Emilia Santamaria nella sua ricerca riconosce la valenza delle istanze che ispirano l’esperienza tolstoiana, l’idea di uguaglianza non demagogica e di fratellanza religiosa e politica tra popoli e nazioni; la sua acuta sensibilità le permette di discriminare dall’aspetto francamente paradossale di certe asserzioni tolstoiane, la natura propositiva delle idee nel loro complesso. Così in presenza di un apparente stato di anarchia dominante nella scuola, insito nelle teorie pedagogiche del pensatore, l’autrice individua l’importante principio del difficile rispetto della personalità del fanciullo da parte del maestro, il quale non cede ai capricci individuali ma si impegna a studiare le inclinazioni e le disposizioni dei singoli allievi; occorre sottolineare che tale principio appare di importanza fondamentale in relazione a ogni progetto educativo.

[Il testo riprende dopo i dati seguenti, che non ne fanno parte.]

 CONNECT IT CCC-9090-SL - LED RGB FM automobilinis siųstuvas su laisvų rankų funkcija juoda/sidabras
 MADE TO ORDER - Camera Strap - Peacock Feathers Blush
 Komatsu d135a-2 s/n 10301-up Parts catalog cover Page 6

La pedagogista ha il merito di cogliere anche l’aspetto sperimentale della realizzazione tolstoiana, nella sua verifica storica, colta cioè nel seno di una realtà sociale tipica della Russia della seconda metà dell’ Ottocento, e in un contesto contadino. Più complessa sarebbe stata l’operazione tendente a tradurre quel disegno in un ambiente urbano europeo; gli stessi obiettivi indubbiamente positivi avrebbero richiesto mezzi diversi, magari ieri più vicini, a quelle correnti pedagogiche froebeliane o herbartiane, tanto attaccate dallo stesso Tolstoj.

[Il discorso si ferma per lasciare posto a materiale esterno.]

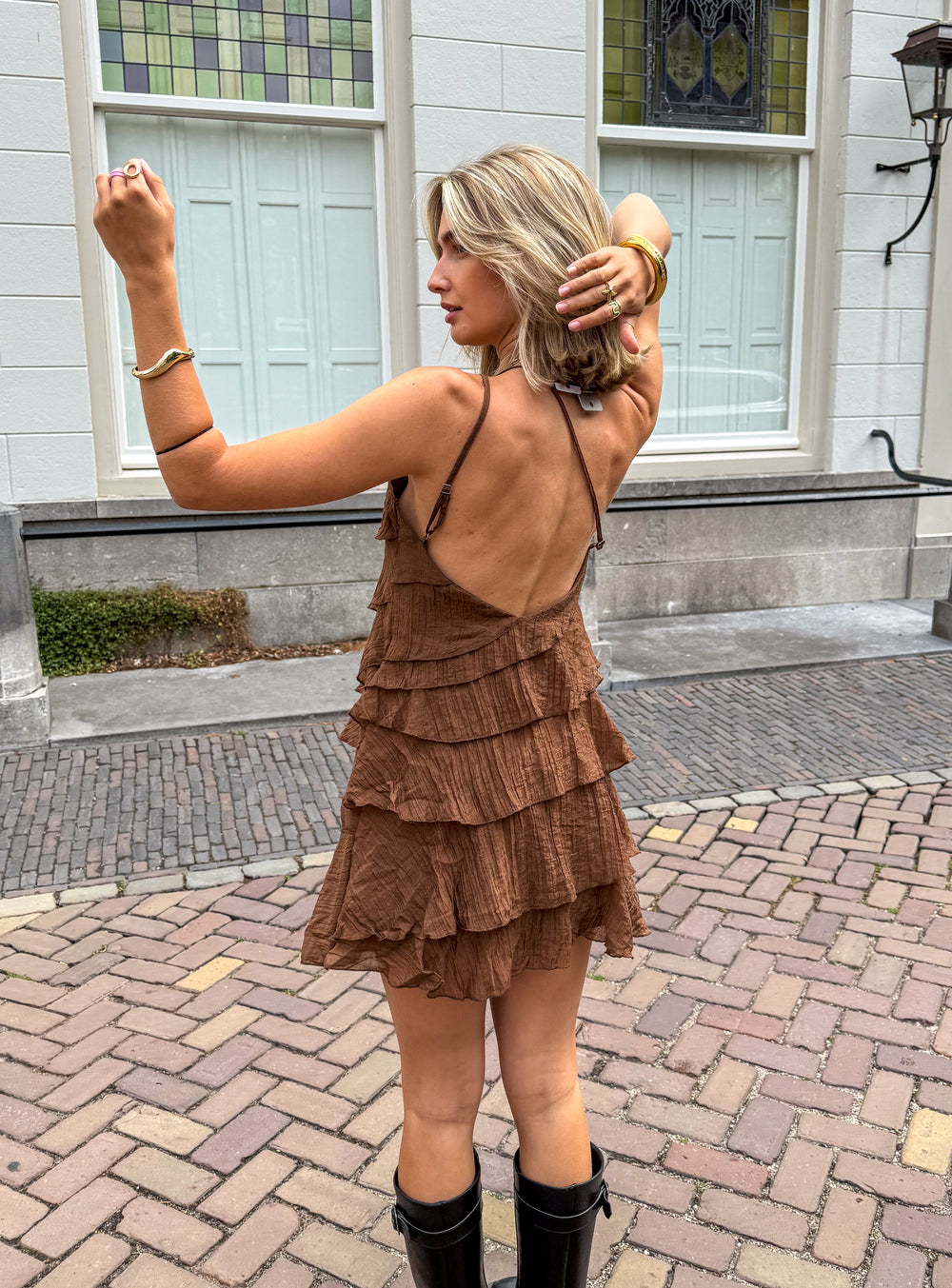 Minivestido asimétrico con volantes para mujer | Tirante único de verano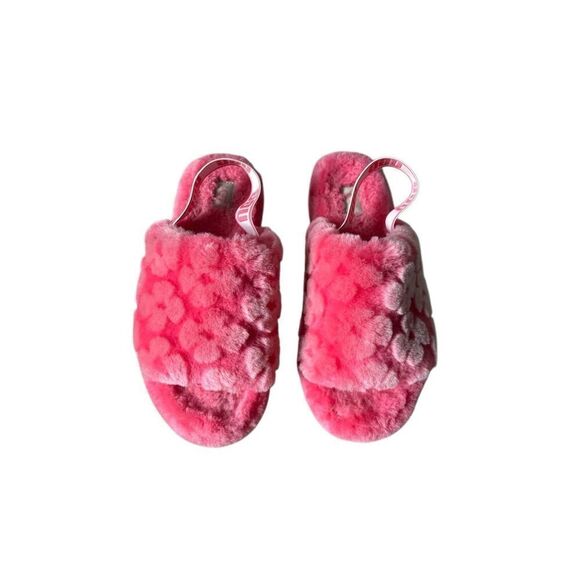 UGG Fluff Yeah Slide Poppy Strawberry Sorbet Sheepskin size 10 Pink Sandals Slip - Picture 3 of 12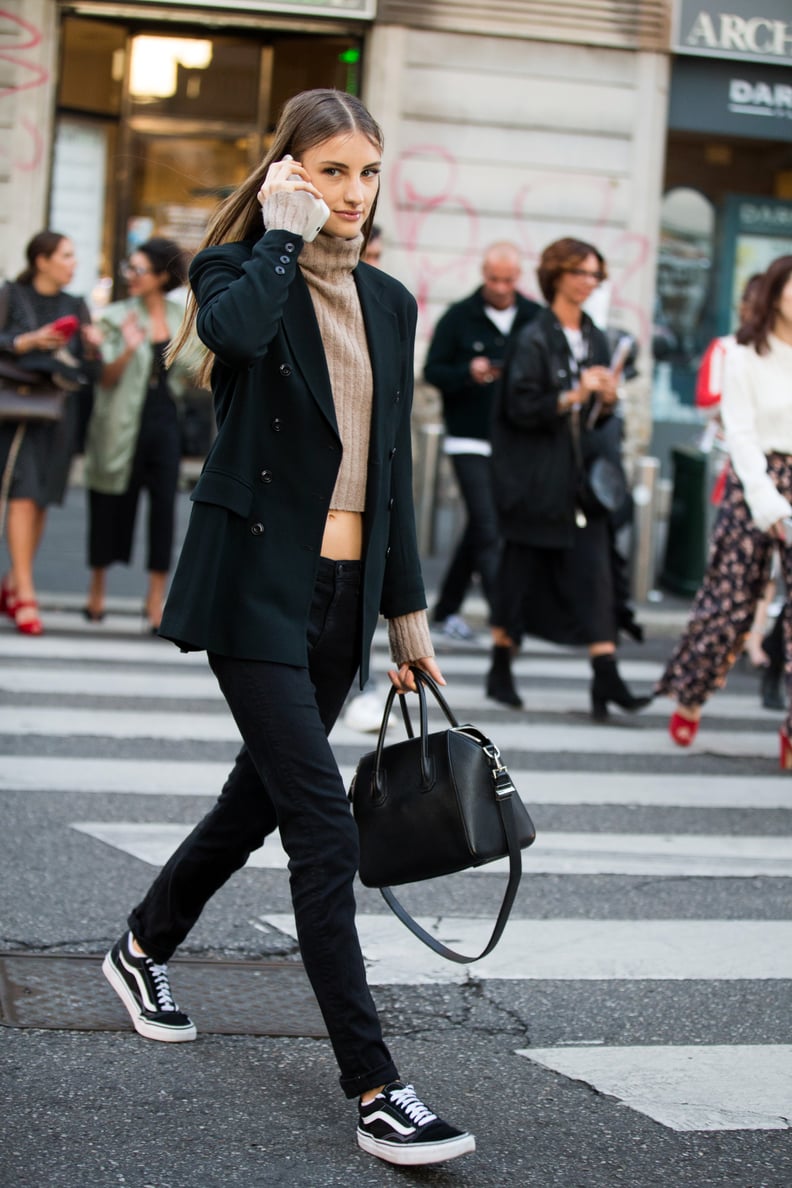 With a Blazer, Cropped Turtleneck, and Low-Rise Pants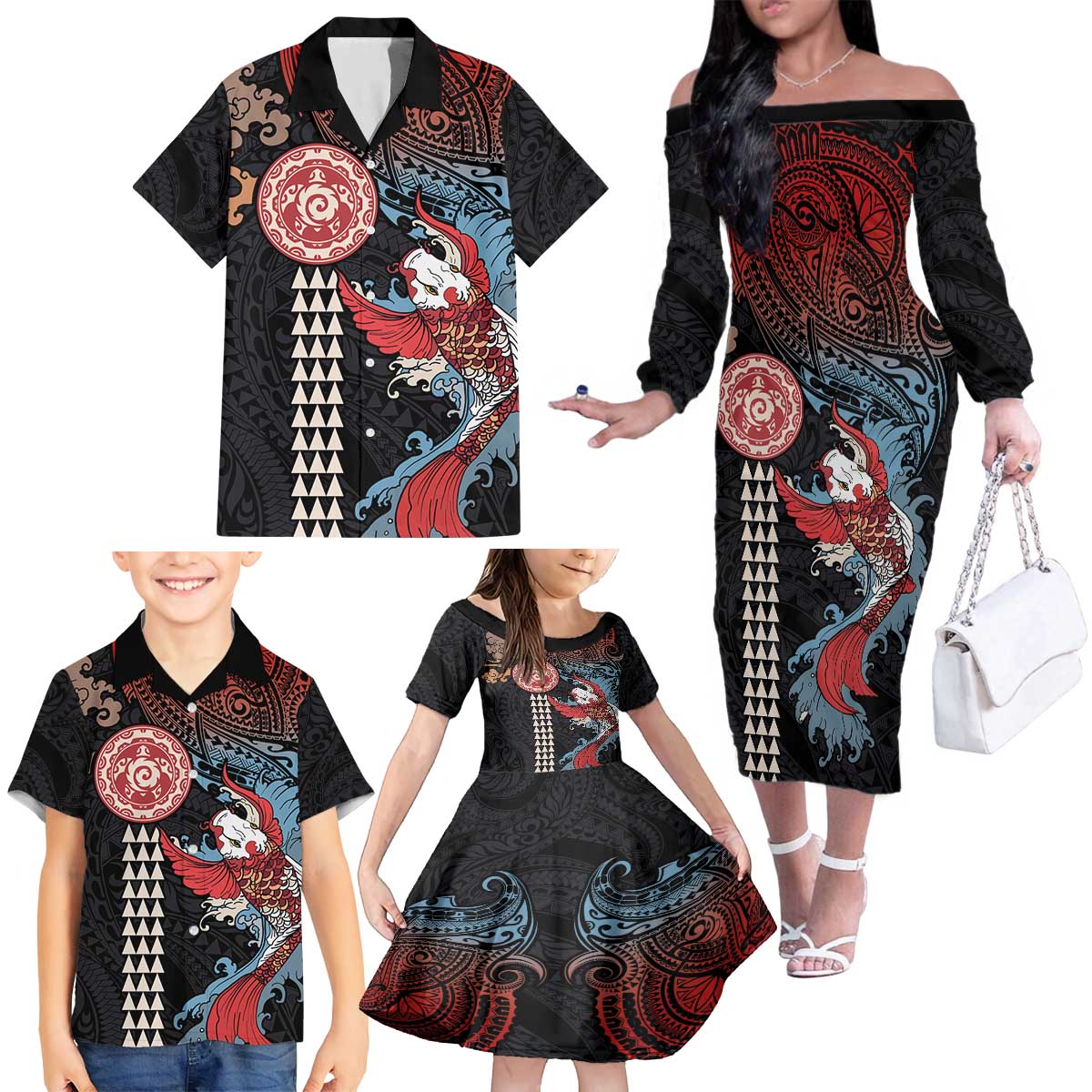 Hawaii and Japanese Together Family Matching Off The Shoulder Long Sleeve Dress and Hawaiian Shirt Koi Fish and Kakau Pattern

Il tentativo di Jasnaia Poliana, anche se breve, e in parte utopistico, nei suoi soli tre anni di vita, rappresenta comunque un valido esperimento; infatti la didattica viva mantiene il proprio valore, temperate le tesi estreme come quelle relative alla libertà di stampo anarchico, forte dei propri principî teorici; la pedagogia tolstoiana è quindi da valutare come importante ed efficace testimonianza nella pratica dell’educazione moderna. E l’esperienza tolstoiana appare alla Santamaria autentica, viva, ricca di stimolanti intuizioni educative, cui è stato di positivo sostegno la radicale istanza antiautoritaria e di promozione di libertà e autonomia dell’infanzia. E’ bene inoltre precisare che essa è stata in qualche modo precorritrice di tanti filoni di pedagogia attivistica e anticonformistica del nostro secolo.


[1]Cfr. L. Tolstoj, Agli italiani, Napoli, Procaccini, 1992.

[2]E.  Santamaria, Le idee pedagogiche di Leone Tolstoi, Bari, Laterza, 1904, p. 2.

[3]B. Renton, La letteratura russa in Italia nel XIX secolo, in “Rassegna Sovietica”, anno XI, fasc. 1, gennaio-febbraio 1960, p. 59.

[4]E. Santamaria, Le idee pedagogiche di Leone Tolstoi, Bari, Laterza, 1904, p. 3.

[5]Ivi, p. 3.

[6]L. Tolstoj, La liberté dans l’école, Paris, Edit. Savine, 1888.

[7]L. Tolstoj, L’enfance - L’adolescence, Paris, Edit. Stock, 1902.